*Exercise directions*:
With pictures excluded, retype exactly every line from the one containing "Pearl Fishers Duet" to the end of the records below.

*Extracted entries*:
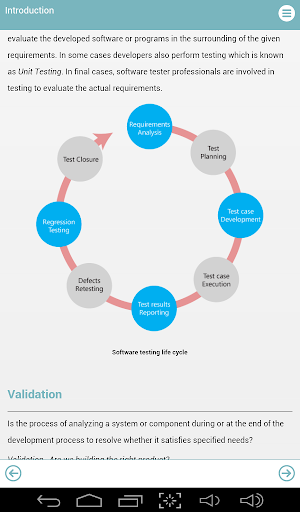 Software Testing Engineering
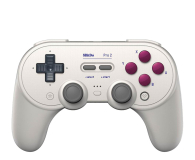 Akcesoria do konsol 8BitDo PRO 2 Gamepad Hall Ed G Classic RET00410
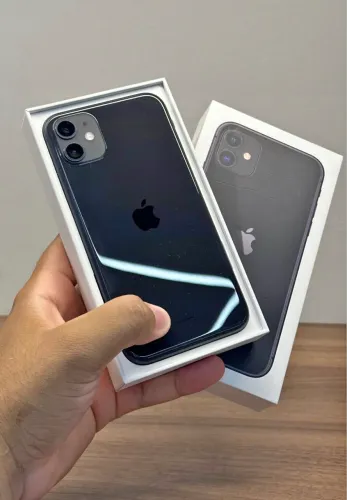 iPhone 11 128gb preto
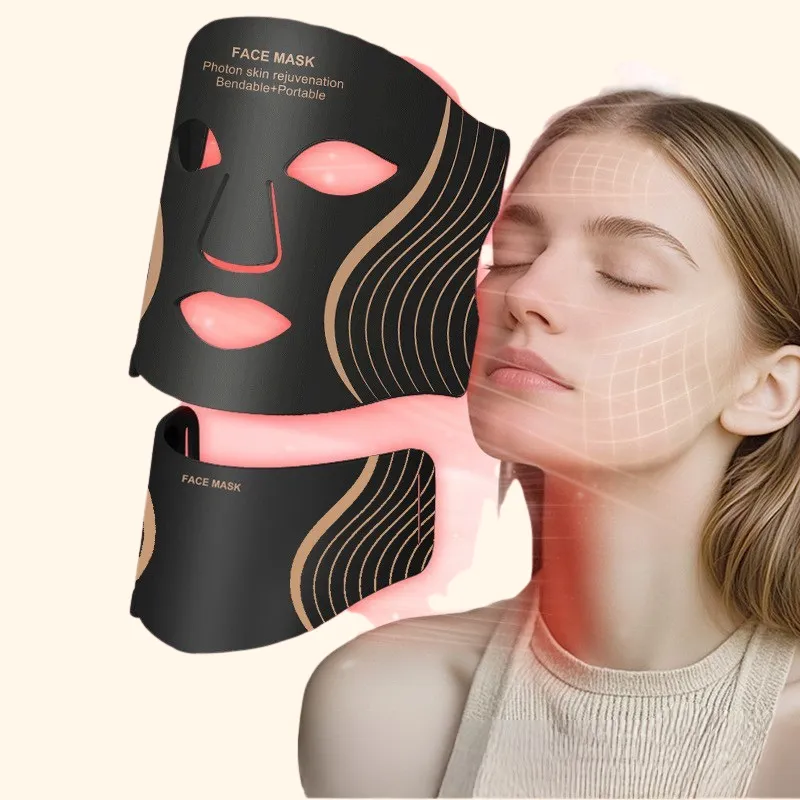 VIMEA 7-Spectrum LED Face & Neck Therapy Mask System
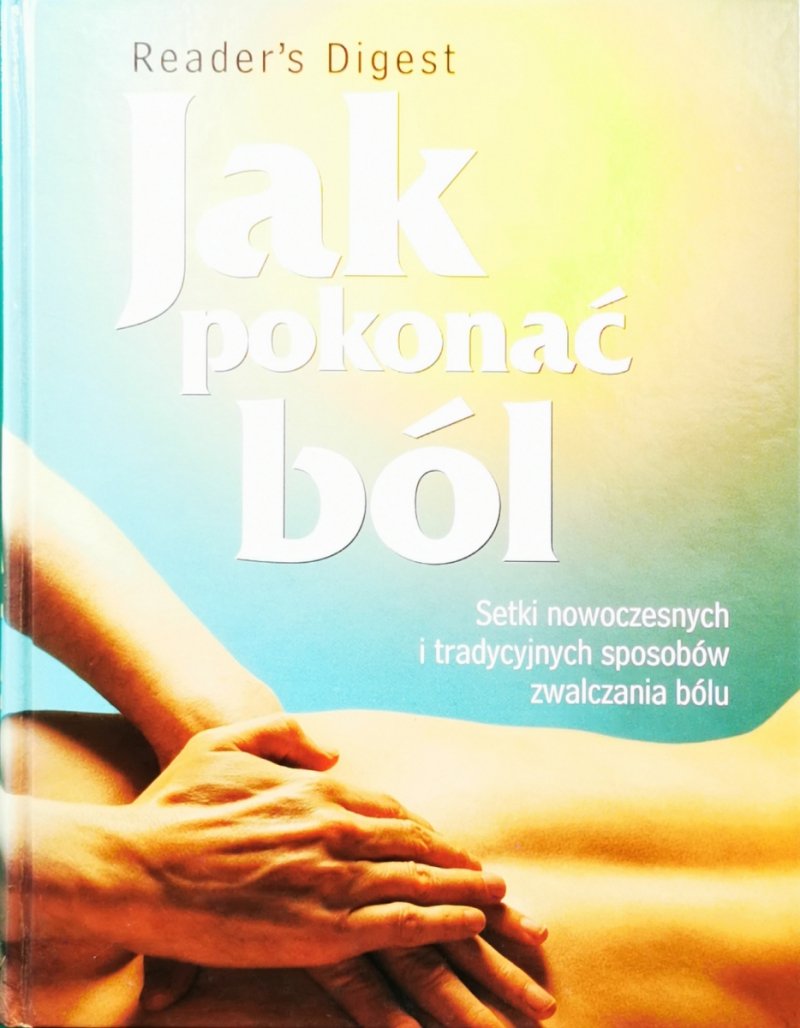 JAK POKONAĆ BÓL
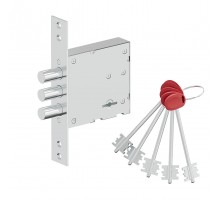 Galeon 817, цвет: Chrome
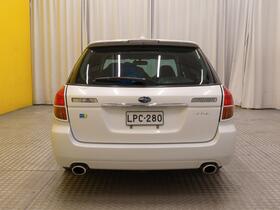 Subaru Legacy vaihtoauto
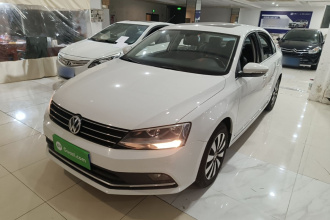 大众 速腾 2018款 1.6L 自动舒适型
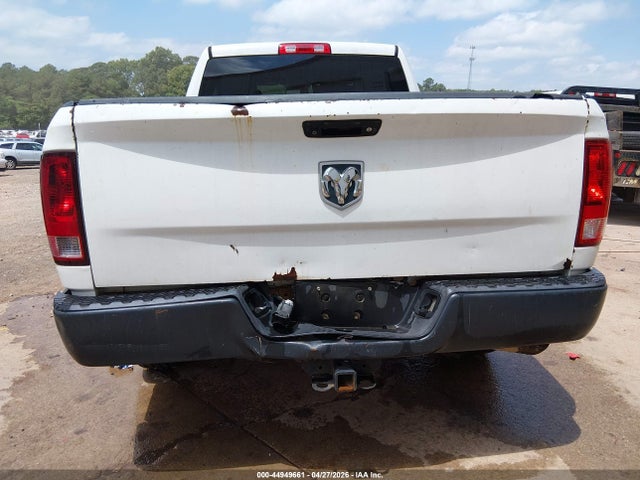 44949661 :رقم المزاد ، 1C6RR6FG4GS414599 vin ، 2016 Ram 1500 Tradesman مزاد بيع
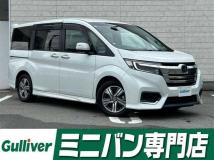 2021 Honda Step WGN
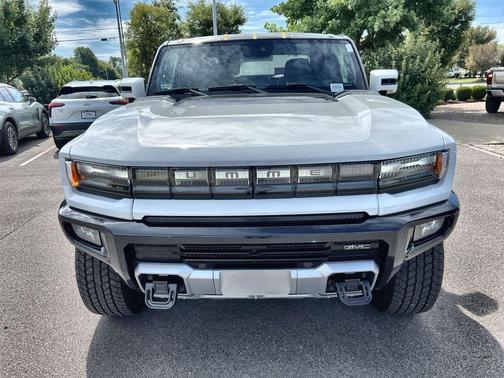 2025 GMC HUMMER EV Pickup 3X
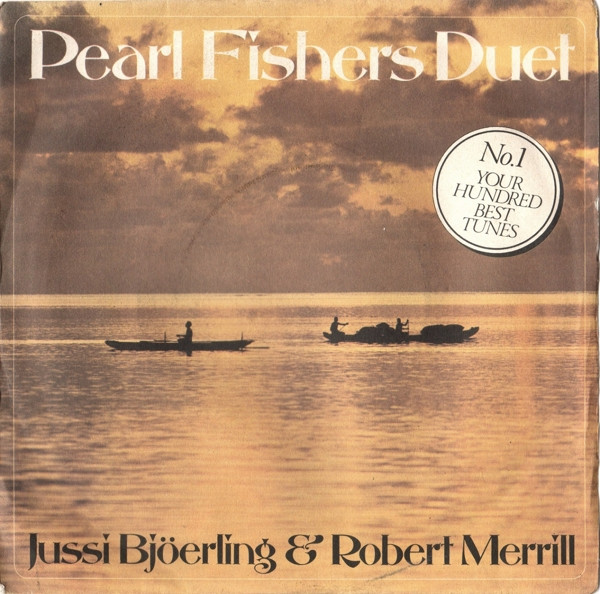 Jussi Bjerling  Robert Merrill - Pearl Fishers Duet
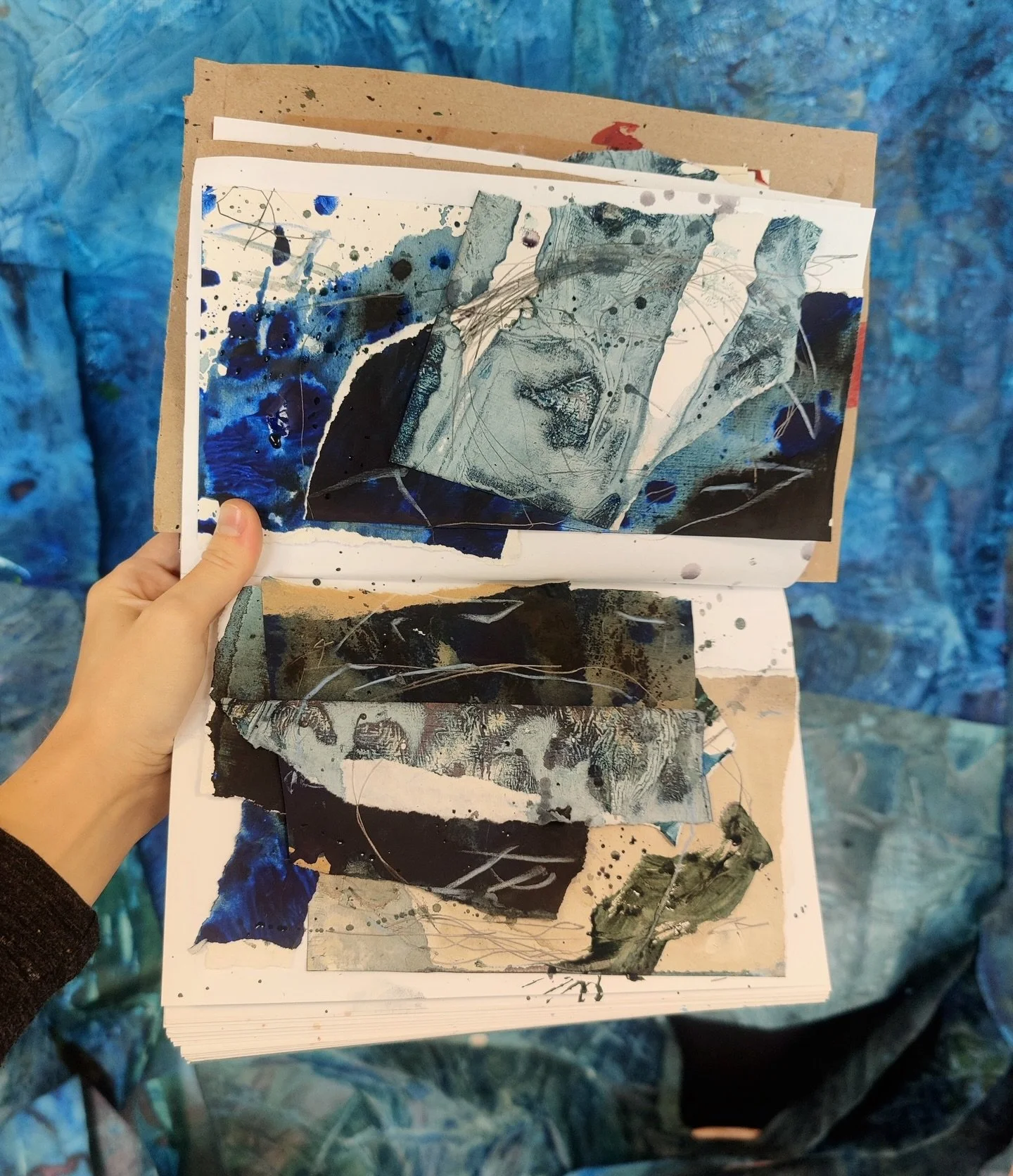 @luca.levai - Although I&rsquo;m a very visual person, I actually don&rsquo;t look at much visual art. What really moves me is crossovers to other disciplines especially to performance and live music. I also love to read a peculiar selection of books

*Answer box*:
 Jussi Bjerling  Robert Merrill - Pearl Fishers Duet
 @luca.levai - Although I&rsquo;m a very visual person, I actually don&rsquo;t look at much visual art. What really moves me is crossovers to other disciplines especially to performance and live music. I also love to read a peculiar selection of books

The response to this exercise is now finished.